The thing we fondly call FB has come a long way from the cute baby dimples it had in 2006, though even then it was slyly sending out signup invitations to the contacts of signed-up users without their knowledge. It quickly became a worldwide addiction in its benign Dr Jekyll avatar—nurturing social ties, indulging our narcissism by telling us which movie star we look like, engaging us in conversation, allowing us to quietly judge each others’ views, clothes, weight, and personality, and allowing us to plan parties with ease. Soon billions of people were mainlining its perks, in exchange offering up their self-curated online profiles to companies that use them to better target advertisements and products.
Today the dimples are long gone and FB looms over us as Mr Hyde, designing the news we see with algorithms that determine what we might want to see; allowing companies to empty our pockets as we hug it good morning and to lobotomise us as we sleep. It is entities like FB that make people say ‘Data is the new oil’, with dollar signs in their eyes, and it has managed to truly piss us off. With the Cambridge Analytica scandal blowing up into a political superstorm, FB has shed $50 billion in the stock market, users—including one of the co-founders of Whatsapp—are voting with the #deletefacebook hashtag and the actual delete button. It turns out that there is such a thing as bad press.
But it’s not just Facebook users who should be upset. We are all surrounded, everywhere in the world, with people whose job it is to turn us into vehicles for some product, or some view, or some behaviour. Legitimate persuasion is constantly playing second fiddle to, at the crudest level, outright coercion, and at the most sophisticated level, subtle manipulation of weaknesses. The only thing we have with which to guard our minds and our autonomy, is the ability to obtain information and to view it critically.
That critical ability is only natural to a few extraordinary people; most of the rest of us have to be trained to develop it. No wonder, then, that the same kinds of people who most benefit from sleazy data-driven manipulation, are most implacably set against the kind of education that empowers people and sets them free.

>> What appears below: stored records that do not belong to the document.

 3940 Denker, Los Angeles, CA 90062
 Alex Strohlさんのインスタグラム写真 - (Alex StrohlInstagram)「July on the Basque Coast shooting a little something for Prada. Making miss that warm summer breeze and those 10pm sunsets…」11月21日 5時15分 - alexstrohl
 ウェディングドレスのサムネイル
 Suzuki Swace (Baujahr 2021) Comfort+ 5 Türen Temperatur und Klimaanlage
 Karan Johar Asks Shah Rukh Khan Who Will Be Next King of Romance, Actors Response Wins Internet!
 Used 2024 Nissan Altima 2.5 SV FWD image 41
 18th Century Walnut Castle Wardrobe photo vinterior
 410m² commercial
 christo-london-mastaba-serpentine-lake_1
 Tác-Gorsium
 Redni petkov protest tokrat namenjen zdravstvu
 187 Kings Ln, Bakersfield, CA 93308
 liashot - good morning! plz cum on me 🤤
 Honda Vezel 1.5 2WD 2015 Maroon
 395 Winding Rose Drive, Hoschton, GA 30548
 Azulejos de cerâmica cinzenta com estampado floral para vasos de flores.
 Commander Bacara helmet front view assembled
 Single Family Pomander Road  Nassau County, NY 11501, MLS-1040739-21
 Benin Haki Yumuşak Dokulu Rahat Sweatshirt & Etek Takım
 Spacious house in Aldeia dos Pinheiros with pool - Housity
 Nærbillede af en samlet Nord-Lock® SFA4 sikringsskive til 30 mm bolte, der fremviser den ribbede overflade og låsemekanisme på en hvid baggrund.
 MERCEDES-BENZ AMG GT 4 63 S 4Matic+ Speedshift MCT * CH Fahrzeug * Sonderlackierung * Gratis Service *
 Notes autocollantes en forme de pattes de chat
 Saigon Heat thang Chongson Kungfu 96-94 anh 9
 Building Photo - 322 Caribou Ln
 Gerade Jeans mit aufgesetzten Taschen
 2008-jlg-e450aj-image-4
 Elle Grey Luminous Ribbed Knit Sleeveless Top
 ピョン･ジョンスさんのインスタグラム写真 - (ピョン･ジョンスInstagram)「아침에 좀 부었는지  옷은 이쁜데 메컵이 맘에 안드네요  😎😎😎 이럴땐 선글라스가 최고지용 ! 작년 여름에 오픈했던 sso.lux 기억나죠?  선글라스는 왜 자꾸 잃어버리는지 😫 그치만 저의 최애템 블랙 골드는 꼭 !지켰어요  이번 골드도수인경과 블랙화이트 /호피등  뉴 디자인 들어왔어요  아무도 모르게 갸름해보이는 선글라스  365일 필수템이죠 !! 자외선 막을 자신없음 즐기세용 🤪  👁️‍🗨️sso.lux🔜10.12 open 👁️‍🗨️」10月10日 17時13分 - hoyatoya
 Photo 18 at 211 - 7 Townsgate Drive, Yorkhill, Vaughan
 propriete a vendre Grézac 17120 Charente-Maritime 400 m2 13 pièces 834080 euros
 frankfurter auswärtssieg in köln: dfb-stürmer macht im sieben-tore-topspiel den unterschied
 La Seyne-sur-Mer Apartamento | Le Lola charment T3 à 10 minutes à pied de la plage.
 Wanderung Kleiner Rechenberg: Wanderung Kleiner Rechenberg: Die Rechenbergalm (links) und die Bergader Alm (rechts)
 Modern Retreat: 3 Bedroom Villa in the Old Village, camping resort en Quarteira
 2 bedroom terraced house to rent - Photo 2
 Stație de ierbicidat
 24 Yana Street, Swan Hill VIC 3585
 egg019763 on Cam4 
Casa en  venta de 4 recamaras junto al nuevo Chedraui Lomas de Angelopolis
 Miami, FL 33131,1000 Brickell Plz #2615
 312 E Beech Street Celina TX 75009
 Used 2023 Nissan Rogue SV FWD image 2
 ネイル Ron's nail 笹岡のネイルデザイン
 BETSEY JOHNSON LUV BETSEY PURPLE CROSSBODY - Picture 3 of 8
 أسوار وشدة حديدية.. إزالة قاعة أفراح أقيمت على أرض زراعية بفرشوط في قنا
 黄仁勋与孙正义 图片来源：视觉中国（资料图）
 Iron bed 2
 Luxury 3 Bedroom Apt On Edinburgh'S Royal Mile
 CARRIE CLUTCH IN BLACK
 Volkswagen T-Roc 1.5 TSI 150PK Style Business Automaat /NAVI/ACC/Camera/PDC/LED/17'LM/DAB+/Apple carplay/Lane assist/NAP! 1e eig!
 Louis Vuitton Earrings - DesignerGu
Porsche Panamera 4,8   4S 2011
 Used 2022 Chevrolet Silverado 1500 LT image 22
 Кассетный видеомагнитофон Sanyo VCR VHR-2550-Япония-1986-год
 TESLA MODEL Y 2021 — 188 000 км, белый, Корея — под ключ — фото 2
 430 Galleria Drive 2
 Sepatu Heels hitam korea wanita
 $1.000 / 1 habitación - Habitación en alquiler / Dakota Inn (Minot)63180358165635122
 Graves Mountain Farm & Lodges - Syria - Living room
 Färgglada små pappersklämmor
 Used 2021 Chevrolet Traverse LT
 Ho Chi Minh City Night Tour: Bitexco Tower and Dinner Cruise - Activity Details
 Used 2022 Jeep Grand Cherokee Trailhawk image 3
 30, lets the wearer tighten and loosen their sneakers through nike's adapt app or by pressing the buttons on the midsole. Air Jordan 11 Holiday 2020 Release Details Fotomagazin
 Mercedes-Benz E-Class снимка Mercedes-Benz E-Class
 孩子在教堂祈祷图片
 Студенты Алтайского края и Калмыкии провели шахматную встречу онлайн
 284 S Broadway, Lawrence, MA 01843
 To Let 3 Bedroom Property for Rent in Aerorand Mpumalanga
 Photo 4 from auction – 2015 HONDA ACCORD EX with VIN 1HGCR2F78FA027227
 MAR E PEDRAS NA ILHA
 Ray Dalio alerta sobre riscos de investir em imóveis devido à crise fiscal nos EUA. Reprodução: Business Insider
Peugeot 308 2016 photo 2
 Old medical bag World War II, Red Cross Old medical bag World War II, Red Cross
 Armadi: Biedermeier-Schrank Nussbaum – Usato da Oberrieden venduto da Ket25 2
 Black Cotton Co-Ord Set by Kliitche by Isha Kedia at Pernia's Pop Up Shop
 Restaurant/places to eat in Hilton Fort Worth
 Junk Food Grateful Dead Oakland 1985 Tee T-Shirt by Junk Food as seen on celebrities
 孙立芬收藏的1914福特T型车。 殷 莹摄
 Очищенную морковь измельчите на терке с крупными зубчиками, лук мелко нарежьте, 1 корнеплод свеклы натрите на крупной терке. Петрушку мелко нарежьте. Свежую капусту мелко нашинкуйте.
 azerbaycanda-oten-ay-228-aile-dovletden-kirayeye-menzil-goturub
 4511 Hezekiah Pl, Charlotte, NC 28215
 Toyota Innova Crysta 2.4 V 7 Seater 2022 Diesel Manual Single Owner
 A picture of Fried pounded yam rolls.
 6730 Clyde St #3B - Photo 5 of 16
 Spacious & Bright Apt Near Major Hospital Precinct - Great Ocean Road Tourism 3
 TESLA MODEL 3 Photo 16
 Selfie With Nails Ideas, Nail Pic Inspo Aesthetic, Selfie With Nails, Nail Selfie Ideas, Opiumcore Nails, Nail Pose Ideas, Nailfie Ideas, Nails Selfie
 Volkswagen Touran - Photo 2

We might all have been dumb enough to ignore the business model that makes monkeys of us; but it’s heartening to see people push back when they discover that someone is using their hopes and fears, as Cambridge Analytica’s political division managing director Mark Turnbull admitted in a secret recording by Channel 4, to manipulate them into not just buying a certain shoe, but voting for a certain candidate. We should all thank Christopher Wylie, the inventor of this charlatanism, for growing a conscience and blowing the whistle on his own creation.
Similarly, we should thank the students of Jawaharlal Nehru University for refusing to accept the bluntest instruments of anti-intellectualism in that fine institution. They are striking to protest an absurd insistence on attendance marking that gets in their way, and that no doubt is trying to ally itself to the popular narrative that has been spread by the current government and its media machine, of JNU students as seditious parasites who stay in college for decades sucking up taxpayer money while drinking beer and throwing used condoms all over campus. They are demanding that allegations of sexual harassment be taken seriously and acted on, instead of maligning the women making the complaints. They are protesting the replacement of excellent, qualified staff, including the head of the School of Arts and Aesthetics, with people who are unfit for the job for a variety of reasons from inexperience to irrelevance.
The only people served by a nation of sheep are the people leading the sheep. It’s easy to be seduced by the efficacy of a certain kind of tactic, but tactics inform the kind of nation you build. It’s time for citizens to throw off complacency and get behind the idea that winning is not the point—the point is to empower and free ourselves by encouraging the ability to retain control over our own minds and destinies.
The shepherds will not be helping, so the sheep are going to have to start to count.